Reward Users to Promote Civil Comments

Trusted-user badge

Encourage users to submit thoughtful comments by rewarding your best commenters with a trusted-user badge. With this status, an icon will appear beside the user’s name for others to see. These trusted users are also able to publish their comments in real time without being moderated.

Editor’s pick

Another way to reward users is by giving their comment the editor’s pick status. These comments can be featured in prominent positions on your website to model the types of comments you want to receive.

This is also beneficial for SEO, because comments that are placed higher on your webpage will get indexed by Google, and the keywords in those comments may be a closer match to users’ own search terms than those used by a journalist.

Create articles from users’ comments

Many organizations today including The New York Times, The Washington Post, and the Canadian Broadcasting Corporation (CBC) are creating stories entirely from their users’ comments. These stories not only reward commenters for their insightful posts, but are cost-effective, quick to publish and receive a surprisingly high amount of attention time and comments. Some even attract more comments than the original piece from which they were taken.

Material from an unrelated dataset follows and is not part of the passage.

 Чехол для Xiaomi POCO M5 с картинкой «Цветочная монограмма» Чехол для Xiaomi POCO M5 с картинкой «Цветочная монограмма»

To see the impact of these articles, we tracked the number of comments for eight user-generated blog posts in CBC’s Revenge of the Comment Section, comparing those to the number of comments for their original articles.

The results are depicted in the chart below:

It’s significant to note that while almost all of the original stories received more comments, the user-generated articles often weren’t far behind. And in one instance, for Story 2, there were more comments for the user-generated article (601,000) than for its original article (343,000). Readers also spent approximately 2.3x more time on the former page.

That’s pretty fascinating since these articles can be created at a fraction of the time and cost it takes a journalist to create a new article from scratch.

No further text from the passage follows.